Ou seja, com áreas terrestres ainda ligadas, a fauna circulava entre continentes.

"Essas massas terrestres estavam mais próximas, pois o Atlântico Norte estava apenas a começar a formar-se, o que pode ter permitido a migração de dinossáurios, como Allosaurus, entre estas regiões" sustenta a equipa de cientistas.
O carnívoro do Jurássico português

Este indivíduo apresentaria um crânio com perto de 70 centímetros de comprimento. Os cientistas estimam ainda que o animal teria 6,5 metros de comprimento e pesaria 850 quilos. 

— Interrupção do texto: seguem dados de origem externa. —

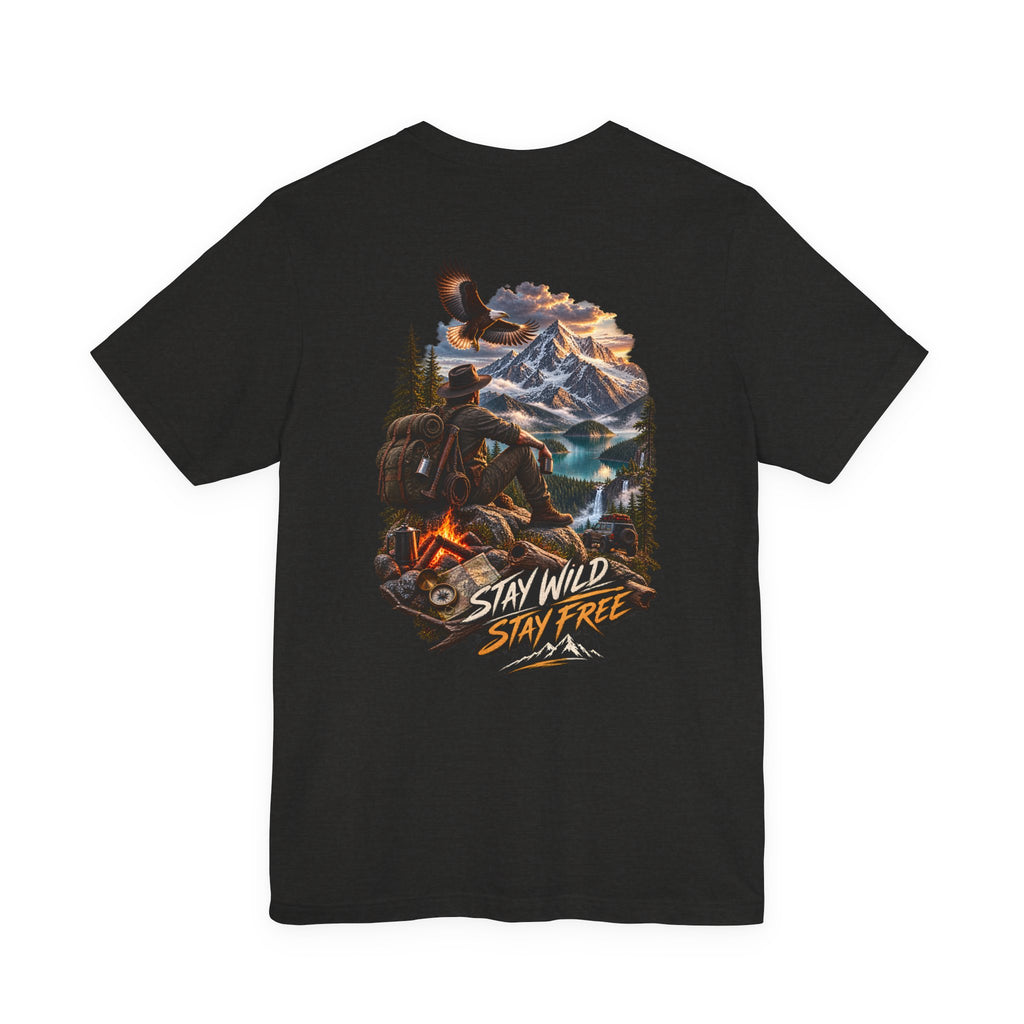 T-shirt montagne « Stay Wild Stay Free » — T-shirt graphique nature et aventure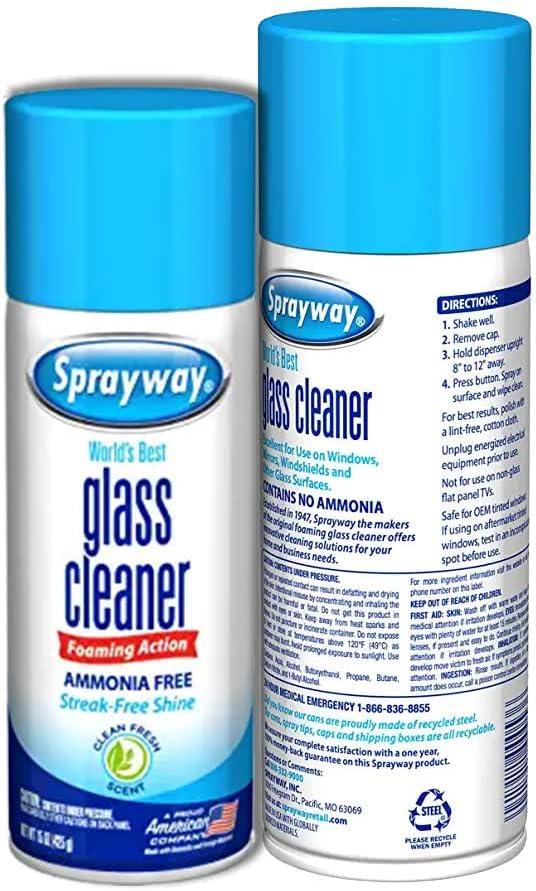 Sprayway, Glass Cleaner, window cleaner, spray foam with Bonus NikCatcher  16x16 400 GSM Microfiber Cleaning Cloth Towel Rags (19 Oz Can.) (Color may  vary)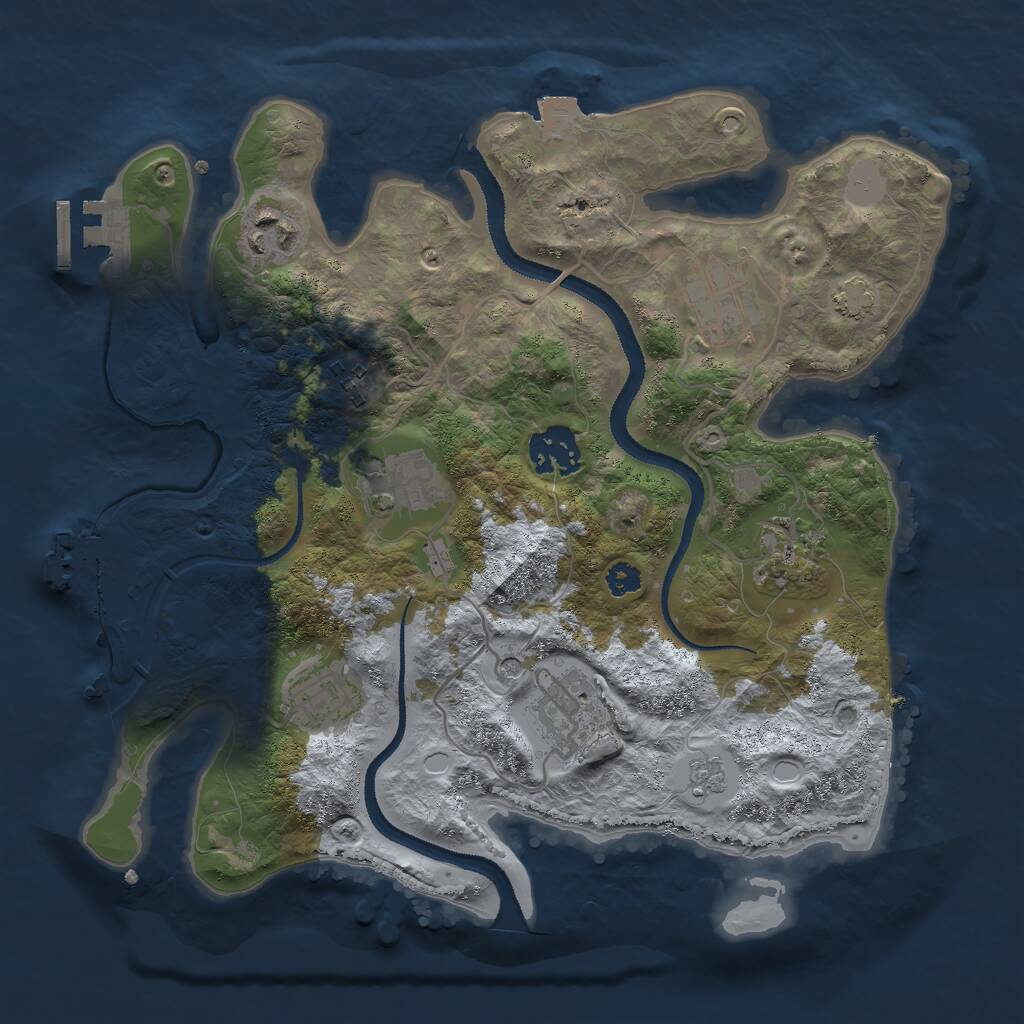 Rust Map: Procedural Map, Size: 3000, Seed: 572797086, 14 Monuments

O Allossauros fragilis deste estudo representa um dos mais completos dinossáurios carnívoros do Jurássico Superior da Europa, diz a equipa da investigação.
 
Imagens de tomografia computorizada dos ossos lacrimais, um dos elementos mais característicos de Allosaurus, recolhido em Andrés | Elisabete Malafaia

"Estas descobertas reforçam a importância do registo fóssil português e, em particular da região de Pombal, para compreender a história evolutiva dos dinossáurios terópodes (carnívoros bípedes)" sublinha Elisabete Malafaia.

Maxila do Allosaurus fragilis deste estudo, apresenta 39, 4 cm de comprimento com 17 alvéologos e quatro dentes | Foto: Vasco Guerreiro/FCUL

Para além do valor científico, este património paleontológico tem "um enorme potencial educativo e cultural, sendo também uma ferramenta importante para promover o desenvolvimento sustentável e fortalecer a identidade da região", conclui.

Localização da jazida de Andrés de onde originam os fósseis do dinossauro carnívoro da espécie Allosaurus fragilis em estudo | Grafismo - Elizabete Malafaia

O material paleontológico recolhido no sítio de Andrés enquadra-se no Jurássico Superior momento da Bacia Lusitâniana - bacia sedimentar peri-atlântica formada aquando da fraturação do supercontinente Pangea - no momento em que ainda se estava a formar devido à expansão do oceano Atlântico Norte. A Bacia Lusitâniana estendia-se da Arrábida até a norte de Aveiro, e para interior, até depois da serra do Montejunto.

Há 145 milhões de anos, a jazida de Andrés apresentava um ambiente de rio que atraia uma grande variedade de animais. No registo fóssil, os paleontólogos documentaram peixes, lepidossauros (grupo que inclui lagartos, serpentes e tuataras), crocodilos, pterossauros (répteis voadores), e vários tipos de dinossáurios.
Alguns dos fósseis podem ser vistos no Museu Nacional de História Natural e da Ciência, em Lisboa. Os restantes fósseis ainda estão a ser preparados e fazem parte da coleção do Museu de História Natural e da Ciência | Foto: Vasco Guerreiro/FCUL

José Amorim nunca construiu o armazém mas pode dizer que tinha um dinossauro no quintal.

Este estudo foi liderado pela paleontóloga Elisabete Malafaia, do Instituto Dom Luiz, Faculdade de Ciências da Universidade de Lisboa, e resulta dos projetos de investigação desenvolvidos sobre o registo fóssil do Jurássico Superior de Portugal. O trabalho conta ainda com a participação de investigadores do Museu Nacional de História Natural e da Ciência, Universidade de Lisboa, e do Grupo de Biología Evolutiva da Universidad Nacional de Educación a Distância de Madrid.